A study in the United States shows that a woman is raped every 2 seconds. However, in the Philippines, statistics on rape are usually based on available police records and are often inaccurate; it does not represent the problem of rape in our society well, mostly due to cultural and social stigmatization. According to The Asian Women’s Resource Exchange (AWORC), 794 rapes occurred in the Philippines in the first four months of 1997 while in the first semester of 1999, 2,393 children were tagged as victims of rape, attempted rape, incest, acts of lasciviousness, and prostitution. As of 2006, rape remained as a problem, with most rape cases not officially reported, including sexual abuse of women in police or protective custody.

In our present era when most people think nothing of women and girls being out on the streets during late hours, the authorities must step up  security measures for women and children so that the case of Given Grace will not happen so easily again to another. Given Grace thought nothing of walking the UPLB campus at 2 AM as she was going back to her dormitory, in the same way that many women like me don’t think much of it when we go home in the wee hours of the morning as we are coming back from jobs in BPO centers for example. Being a BPO country, our sense of time has been twisted and pulled out of whack. In Northgate Cyberzone, where I used to work, the streets and restaurants are lit up between 12 AM to 4 AM with a high traffic of people coming to work, having coffee, dinner, or going shopping. Children play on the streets, and the bakery and shops are open at these unholy hours in my village, perhaps to service the number of people coming home from their BPO jobs. But these eccentricities, much unheard of in other countries (in fact my French and German clients used to recoil in horror when they realized that I was working with them at 10 in the evening. “Very late for you, no?” “Er… no, it’s just almost dinner time for me.”), gives many of us the false sense of normalcy in being out on the streets late at night.

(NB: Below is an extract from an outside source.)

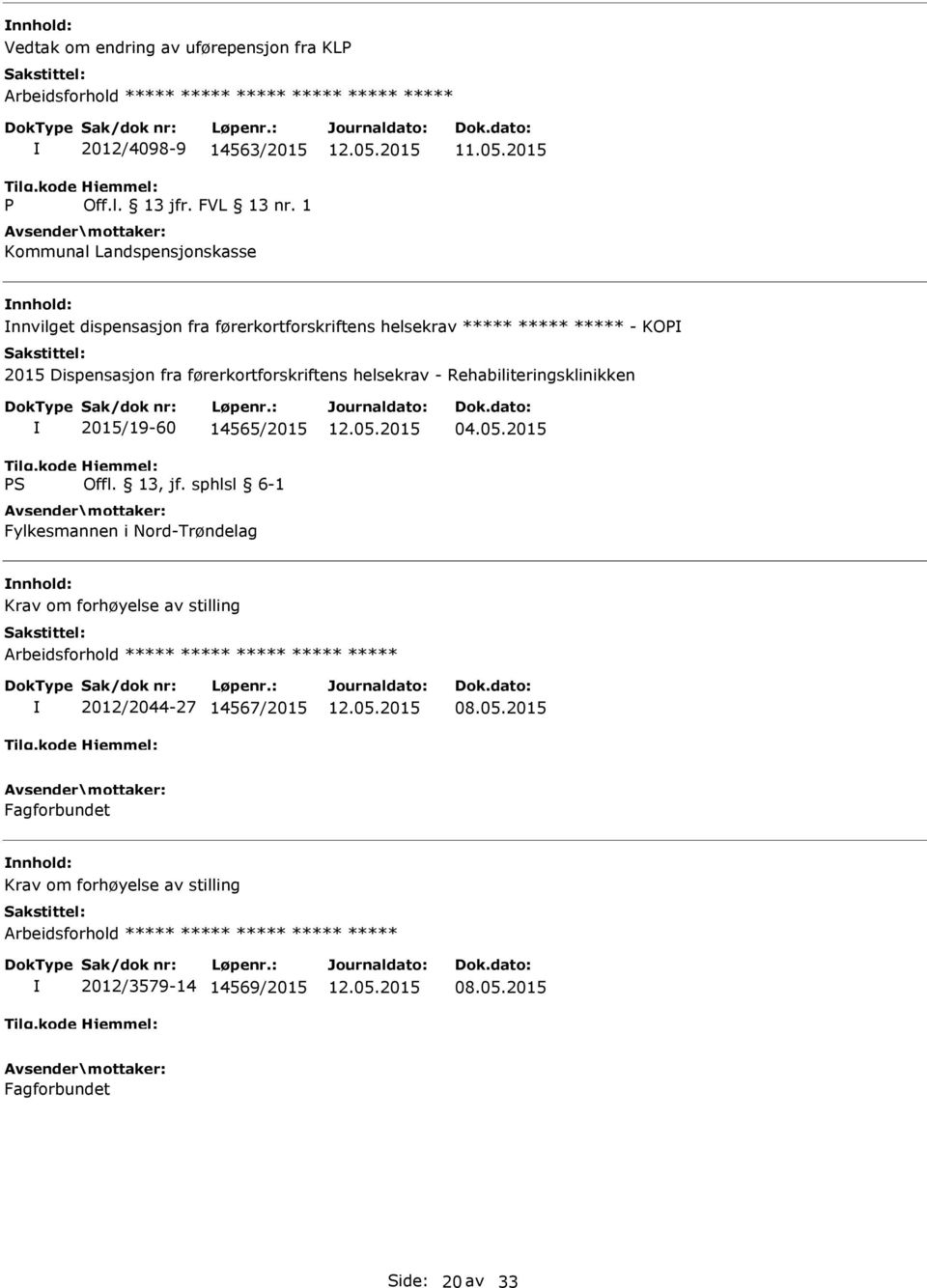 2015 nnvilget dispensasjon fra førerkortforskriftens helsekrav ***** ***** ***** - KOP 2015 Dispensasjon fra førerkortforskriftens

On the other hand, rape can happen at any time of the day and not just on grassy knolls or godforsaken places. The key is to remember that things can and do happen, and that they may very well happen to us and not just to “them”. While it is true that the UPLB administration must step up campus security measures (some commenters pointed out the empty police outpost, not enough lounges for students within the campus), Given Grace’s safety was within her power. If she had the presence of mind to remember that bad things can happen to lonely girls who walk the streets alone at night, she could have had better judgment not to do it.

Bad things can happen to girls who try to hitchhike around town, too. I am no longer a naïve 15-year-old. I am now a mother of one girl and very much concerned that my own daughter will not perform the same foolish stunts as I had. Let us warn our mothers, sisters, and daughters of the perils that may happen to them. We can educate the young; we can express concern and protect our friends and family. If we live in a state of vigilance and awareness, we don’t let our guards down.